• **Activity**
Repeat exactly the lines from the start of the material below up to and including the "Tiếng Gọi Con Tim - Chapter 27 - Trang 13" line.

++++++++++++++++++++

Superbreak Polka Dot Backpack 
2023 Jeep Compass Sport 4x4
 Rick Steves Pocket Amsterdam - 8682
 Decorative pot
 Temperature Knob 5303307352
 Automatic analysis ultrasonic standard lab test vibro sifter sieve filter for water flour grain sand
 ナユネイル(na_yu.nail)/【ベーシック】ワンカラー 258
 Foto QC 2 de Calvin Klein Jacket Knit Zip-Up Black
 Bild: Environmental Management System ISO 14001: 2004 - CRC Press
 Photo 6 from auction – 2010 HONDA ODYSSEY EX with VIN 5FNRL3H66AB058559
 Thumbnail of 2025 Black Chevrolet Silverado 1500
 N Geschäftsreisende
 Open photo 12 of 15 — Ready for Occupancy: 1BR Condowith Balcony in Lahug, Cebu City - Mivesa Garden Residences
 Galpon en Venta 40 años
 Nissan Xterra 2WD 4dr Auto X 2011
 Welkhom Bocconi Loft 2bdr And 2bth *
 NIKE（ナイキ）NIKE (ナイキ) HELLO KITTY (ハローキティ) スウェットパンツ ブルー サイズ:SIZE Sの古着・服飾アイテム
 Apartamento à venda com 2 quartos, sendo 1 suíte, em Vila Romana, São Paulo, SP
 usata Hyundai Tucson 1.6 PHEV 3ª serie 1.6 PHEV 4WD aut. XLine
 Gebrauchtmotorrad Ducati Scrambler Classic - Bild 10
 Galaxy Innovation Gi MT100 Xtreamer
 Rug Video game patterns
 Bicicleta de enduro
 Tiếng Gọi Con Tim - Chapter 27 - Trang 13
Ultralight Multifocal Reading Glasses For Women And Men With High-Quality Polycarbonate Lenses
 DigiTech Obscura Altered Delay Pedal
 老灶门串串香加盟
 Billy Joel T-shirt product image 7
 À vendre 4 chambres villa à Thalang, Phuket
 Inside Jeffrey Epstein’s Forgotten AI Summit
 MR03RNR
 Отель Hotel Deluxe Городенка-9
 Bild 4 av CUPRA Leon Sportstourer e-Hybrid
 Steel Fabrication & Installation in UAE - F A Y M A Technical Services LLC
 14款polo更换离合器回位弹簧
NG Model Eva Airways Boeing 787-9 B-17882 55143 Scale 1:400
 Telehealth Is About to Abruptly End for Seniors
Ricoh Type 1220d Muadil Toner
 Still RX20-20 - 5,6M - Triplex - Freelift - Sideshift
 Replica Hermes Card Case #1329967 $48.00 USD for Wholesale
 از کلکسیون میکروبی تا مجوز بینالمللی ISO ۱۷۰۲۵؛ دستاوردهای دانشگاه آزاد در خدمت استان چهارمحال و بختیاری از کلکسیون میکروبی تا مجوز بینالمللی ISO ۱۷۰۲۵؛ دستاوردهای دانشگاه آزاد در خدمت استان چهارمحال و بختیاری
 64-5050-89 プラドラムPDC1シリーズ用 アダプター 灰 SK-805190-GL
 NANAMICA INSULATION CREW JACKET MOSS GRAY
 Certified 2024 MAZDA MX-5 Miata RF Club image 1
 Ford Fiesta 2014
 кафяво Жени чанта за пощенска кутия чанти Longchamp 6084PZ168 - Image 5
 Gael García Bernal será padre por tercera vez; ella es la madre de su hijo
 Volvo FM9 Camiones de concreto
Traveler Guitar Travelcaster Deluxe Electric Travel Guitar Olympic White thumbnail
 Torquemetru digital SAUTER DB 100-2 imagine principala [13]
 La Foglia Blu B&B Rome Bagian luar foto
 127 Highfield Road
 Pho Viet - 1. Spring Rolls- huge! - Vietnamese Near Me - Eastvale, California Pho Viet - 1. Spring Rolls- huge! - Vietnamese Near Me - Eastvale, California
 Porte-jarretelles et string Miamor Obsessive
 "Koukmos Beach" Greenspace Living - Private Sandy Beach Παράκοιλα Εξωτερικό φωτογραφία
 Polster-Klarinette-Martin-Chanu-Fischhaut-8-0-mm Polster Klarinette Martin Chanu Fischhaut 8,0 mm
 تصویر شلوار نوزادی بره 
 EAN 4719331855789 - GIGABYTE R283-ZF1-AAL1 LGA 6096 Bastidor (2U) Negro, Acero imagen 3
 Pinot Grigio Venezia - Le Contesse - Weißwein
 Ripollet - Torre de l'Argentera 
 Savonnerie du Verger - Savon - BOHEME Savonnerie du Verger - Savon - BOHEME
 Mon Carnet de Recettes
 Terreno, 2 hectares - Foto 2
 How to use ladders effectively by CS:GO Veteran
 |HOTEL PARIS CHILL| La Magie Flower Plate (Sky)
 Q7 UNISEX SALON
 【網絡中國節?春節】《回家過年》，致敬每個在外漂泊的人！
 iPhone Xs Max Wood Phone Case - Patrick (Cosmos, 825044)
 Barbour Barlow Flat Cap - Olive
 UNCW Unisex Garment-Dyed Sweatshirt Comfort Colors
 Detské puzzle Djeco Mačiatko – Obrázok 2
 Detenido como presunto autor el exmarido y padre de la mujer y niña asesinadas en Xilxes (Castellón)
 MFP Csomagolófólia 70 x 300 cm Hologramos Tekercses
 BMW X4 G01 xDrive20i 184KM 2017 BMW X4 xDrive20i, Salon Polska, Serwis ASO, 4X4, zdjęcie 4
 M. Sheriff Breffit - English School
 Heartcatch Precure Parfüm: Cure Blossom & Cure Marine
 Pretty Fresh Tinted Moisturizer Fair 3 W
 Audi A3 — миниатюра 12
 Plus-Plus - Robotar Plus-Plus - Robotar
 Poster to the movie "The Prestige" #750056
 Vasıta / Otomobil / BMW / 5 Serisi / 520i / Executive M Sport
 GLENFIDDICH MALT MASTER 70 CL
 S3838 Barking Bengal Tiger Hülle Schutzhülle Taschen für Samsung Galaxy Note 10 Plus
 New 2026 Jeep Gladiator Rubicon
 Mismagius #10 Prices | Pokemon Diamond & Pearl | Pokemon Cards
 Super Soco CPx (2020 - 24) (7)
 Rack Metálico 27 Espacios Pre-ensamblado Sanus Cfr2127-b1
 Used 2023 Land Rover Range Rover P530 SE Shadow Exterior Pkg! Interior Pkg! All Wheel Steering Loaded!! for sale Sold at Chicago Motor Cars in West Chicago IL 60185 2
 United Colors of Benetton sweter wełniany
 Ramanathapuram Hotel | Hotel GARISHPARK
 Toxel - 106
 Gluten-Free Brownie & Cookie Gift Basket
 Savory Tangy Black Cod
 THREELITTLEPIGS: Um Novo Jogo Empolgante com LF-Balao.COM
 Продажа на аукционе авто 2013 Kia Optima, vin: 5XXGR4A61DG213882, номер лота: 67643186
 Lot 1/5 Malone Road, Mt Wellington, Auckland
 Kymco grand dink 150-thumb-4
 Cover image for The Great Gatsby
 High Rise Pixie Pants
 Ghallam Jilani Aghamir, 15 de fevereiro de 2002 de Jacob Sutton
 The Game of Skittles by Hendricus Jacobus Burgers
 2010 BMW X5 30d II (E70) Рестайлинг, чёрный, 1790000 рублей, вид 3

++++++++++++++++++++

• **Written reply**
Superbreak Polka Dot Backpack 
2023 Jeep Compass Sport 4x4
 Rick Steves Pocket Amsterdam - 8682
 Decorative pot
 Temperature Knob 5303307352
 Automatic analysis ultrasonic standard lab test vibro sifter sieve filter for water flour grain sand
 ナユネイル(na_yu.nail)/【ベーシック】ワンカラー 258
 Foto QC 2 de Calvin Klein Jacket Knit Zip-Up Black
 Bild: Environmental Management System ISO 14001: 2004 - CRC Press
 Photo 6 from auction – 2010 HONDA ODYSSEY EX with VIN 5FNRL3H66AB058559
 Thumbnail of 2025 Black Chevrolet Silverado 1500
 N Geschäftsreisende
 Open photo 12 of 15 — Ready for Occupancy: 1BR Condowith Balcony in Lahug, Cebu City - Mivesa Garden Residences
 Galpon en Venta 40 años
 Nissan Xterra 2WD 4dr Auto X 2011
 Welkhom Bocconi Loft 2bdr And 2bth *
 NIKE（ナイキ）NIKE (ナイキ) HELLO KITTY (ハローキティ) スウェットパンツ ブルー サイズ:SIZE Sの古着・服飾アイテム
 Apartamento à venda com 2 quartos, sendo 1 suíte, em Vila Romana, São Paulo, SP
 usata Hyundai Tucson 1.6 PHEV 3ª serie 1.6 PHEV 4WD aut. XLine
 Gebrauchtmotorrad Ducati Scrambler Classic - Bild 10
 Galaxy Innovation Gi MT100 Xtreamer
 Rug Video game patterns
 Bicicleta de enduro
 Tiếng Gọi Con Tim - Chapter 27 - Trang 13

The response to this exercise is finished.